In September, YouTube changed its policies to require users to log in to their Google+ accounts before they could leave a comment on one of the videos uploaded to the site.
From a business perspective, the move gave Google increased access to highly coveted mobile user data by allowing it to collect information from users who log in to Google+ on their iPhones to comment on YouTube (and then forget to log out as they go about their lives).
But the decision is also helping Google achieve another one of its goals: Shutting up YouTube's notoriously barbaric anonymous commenters. According to YouTube partner vidIQ, YouTube has received 40% fewer comments since it implemented the policy changes, a stunning drop that took place in less than two months.
The eyebrow-raising statistic, reported by Adweek's Garrett Sloane, confirms that people are much less courageous about making racist, sexist, homophobic, and altogether vile comments in public when there's a chance those comments could get linked back to their offline person.
It also makes YouTube more attractive to major brands who might want to advertise on the site, an initiative the company has taken quite seriously lately in light of recent deals with big-time media buyers and its hiring of an executive from consumer goods giant Procter & Gamble.
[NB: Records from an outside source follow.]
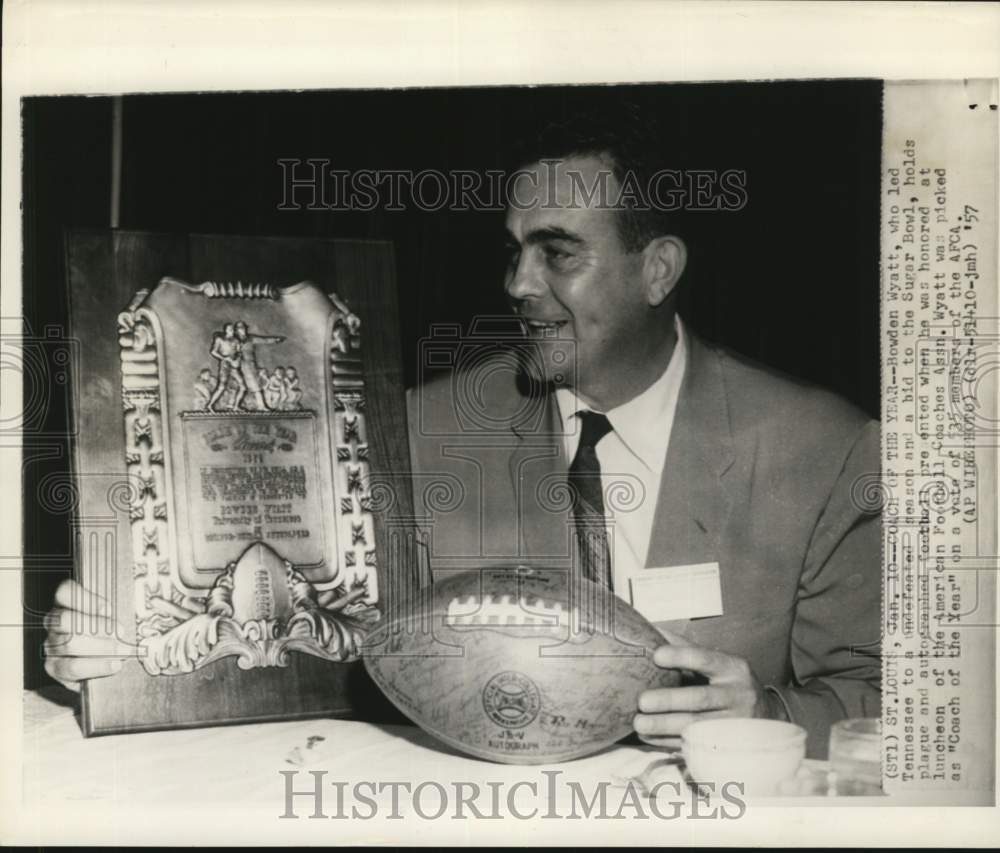 1957 Press Photo Bowden Wyatt was picked as "Coach of the Year" by AFCA.- Historic Images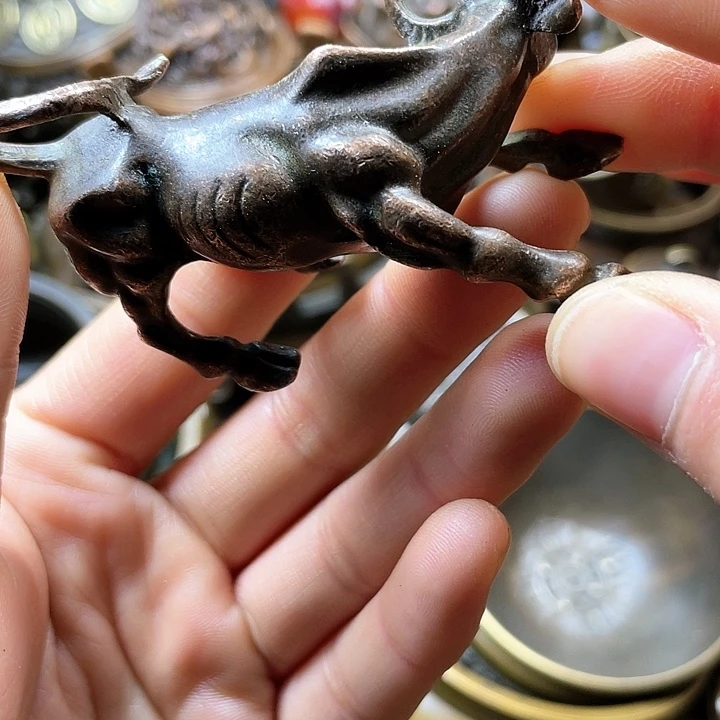 全是铜铜铜器铜器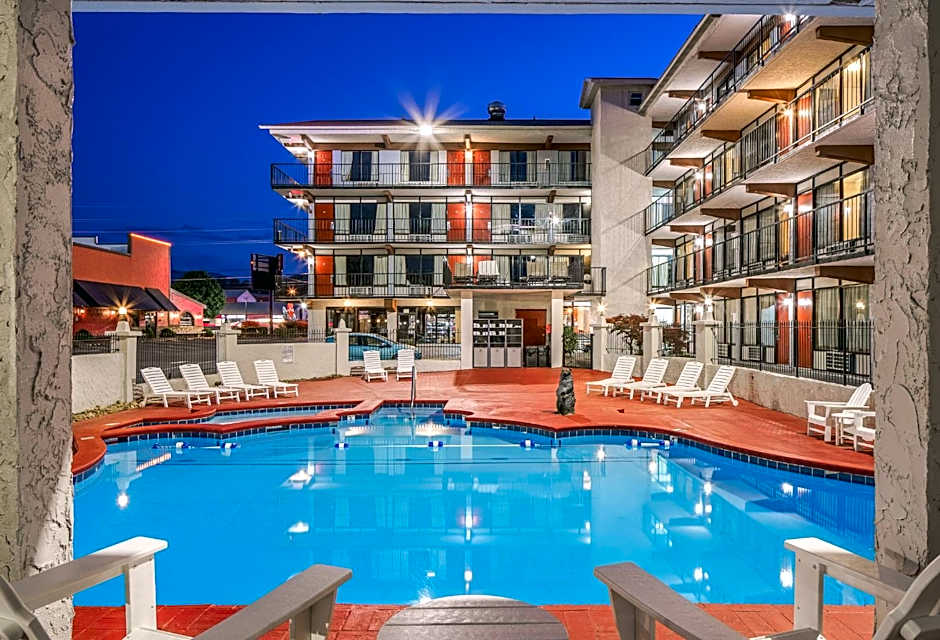 Americana Inn a Travelodge by Wyndham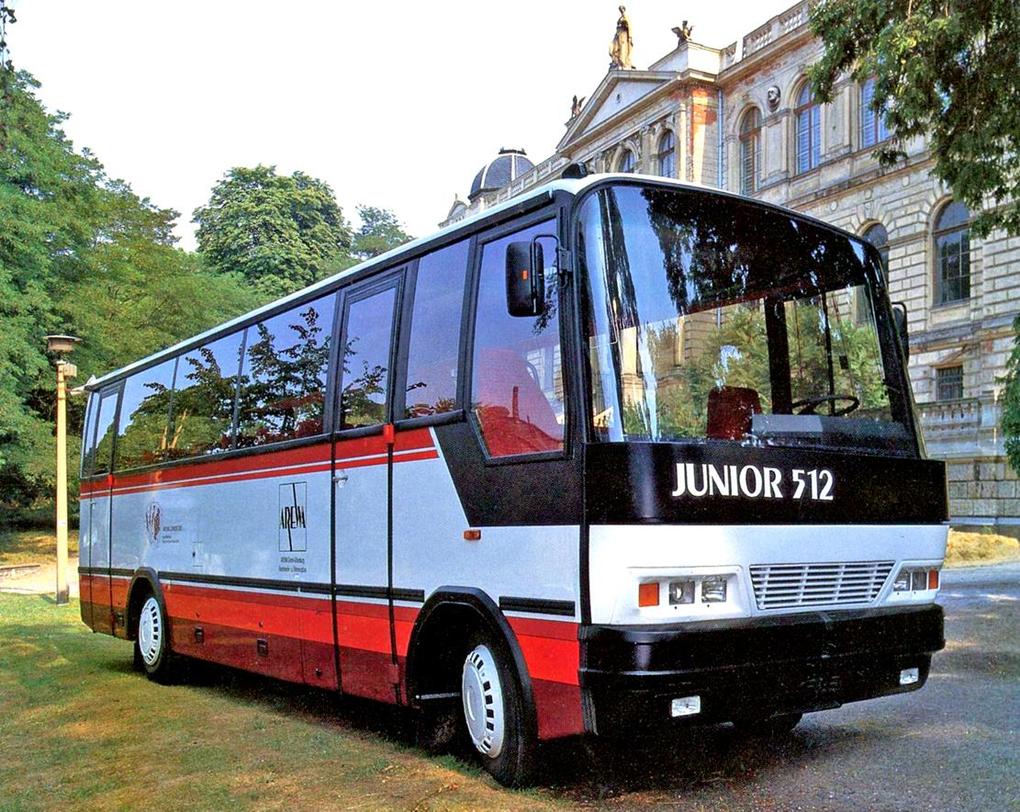 Weitere Ansicht: Jahrbuch Omnibusse 2026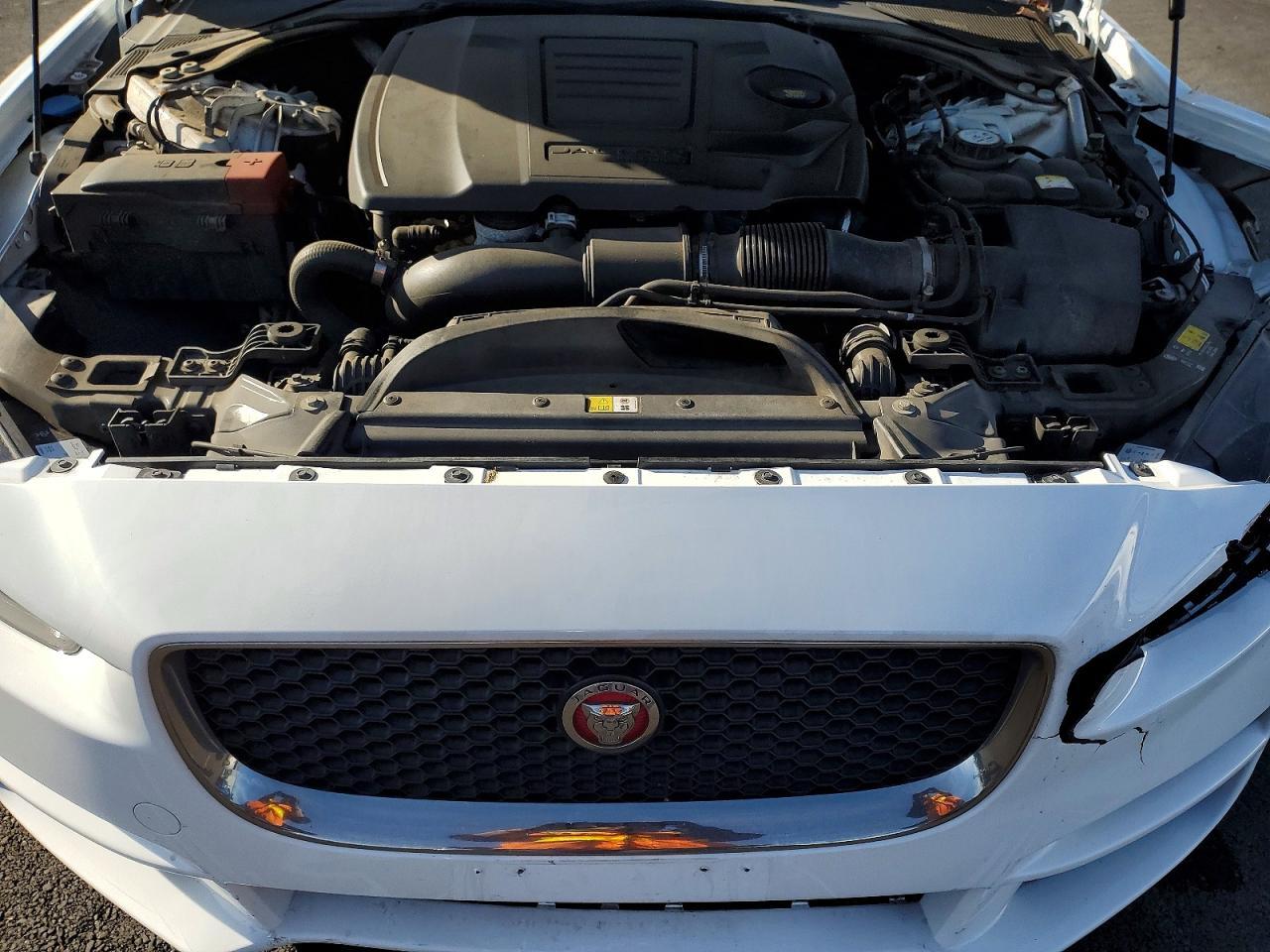 2019 JAGUAR XE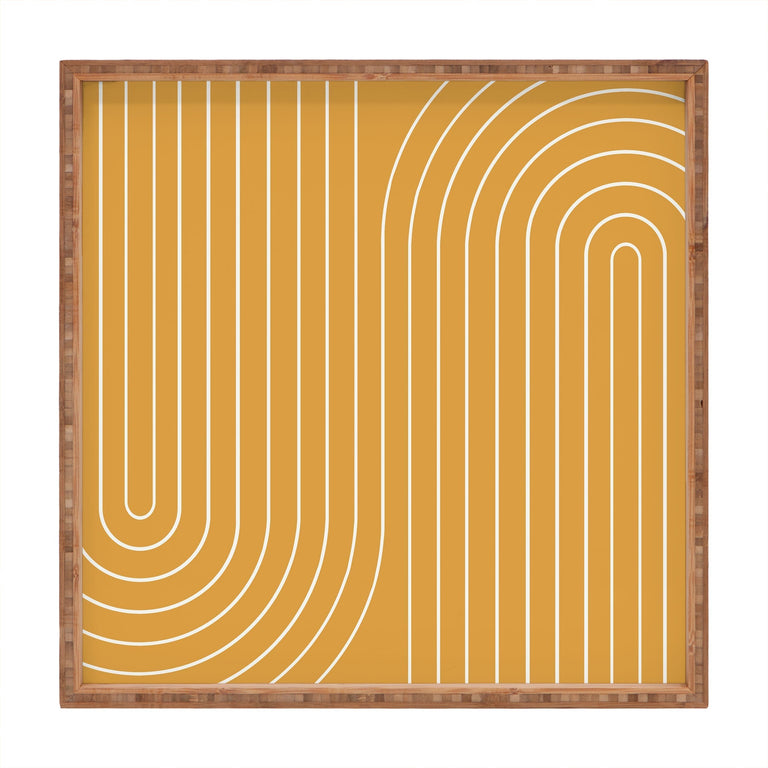 MINIMAL LINE CURVATURE GOLD SQUARE TRAY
In the past, brands have had to worry about having their content placed beside hateful anonymous comments, as happened when Cheerios posted a ground-breaking ad earlier this year featuring a mixed-race family. The new comment policy gives them greater confidence that investing in YouTube ads and sponsored content will not get wasted amidst a sea of ignorance, making them that much more likely to give YouTube more of their money.